DATA BLOCK START

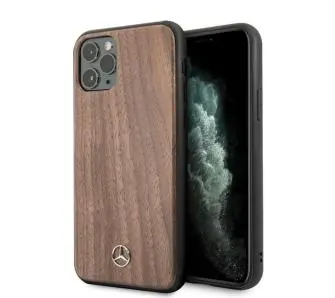 Etui Mercedes-Benz Wood Line Walnut MEHCN65VWOLB do iPhone 11 Pro Max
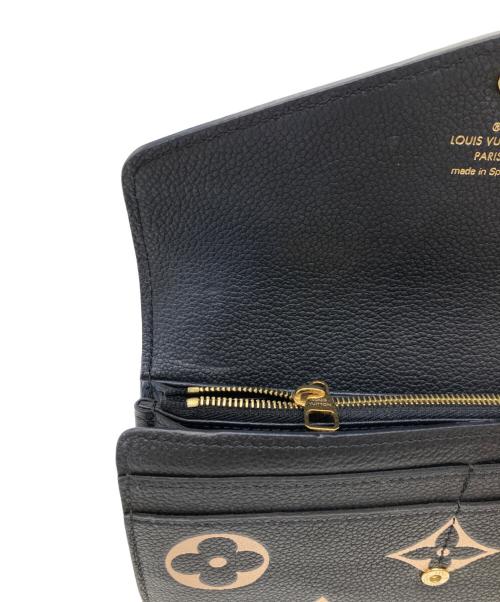 LOUIS VUITTON（ルイ ヴィトン）LOUIS VUITTON (ルイ ヴィトン) バイカラー モノグラム・アンプラント レザー ウォレット ブラック×ピンクの古着・服飾アイテム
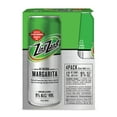 thumbnail image 2 of Zing Zang All Natural Margarita Cocktail, 12 fl oz, 4 Pack Cans, 9% ABV, 2 of 3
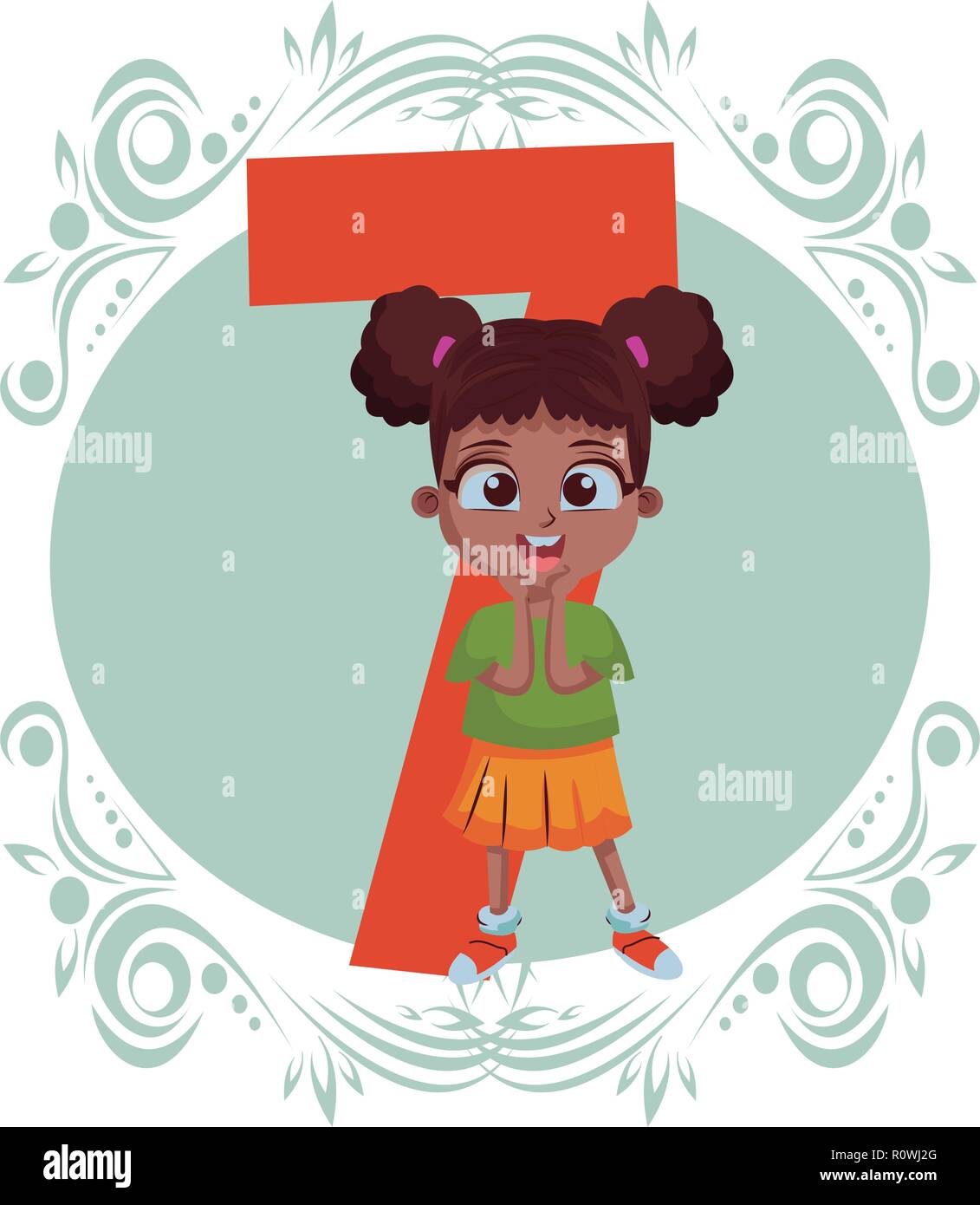 stand up girl number Stock Vector Image & Art Alamy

DATA BLOCK END

HOW TO COMPLETE THIS TASK |
The reply must hold every line above exactly as written and none of the pictures.

YOUR SOLUTION |
 Etui Mercedes-Benz Wood Line Walnut MEHCN65VWOLB do iPhone 11 Pro Max
 LOUIS VUITTON（ルイ ヴィトン）LOUIS VUITTON (ルイ ヴィトン) バイカラー モノグラム・アンプラント レザー ウォレット ブラック×ピンクの古着・服飾アイテム
 thumbnail image 2 of Zing Zang All Natural Margarita Cocktail, 12 fl oz, 4 Pack Cans, 9% ABV, 2 of 3
 stand up girl number Stock Vector Image & Art Alamy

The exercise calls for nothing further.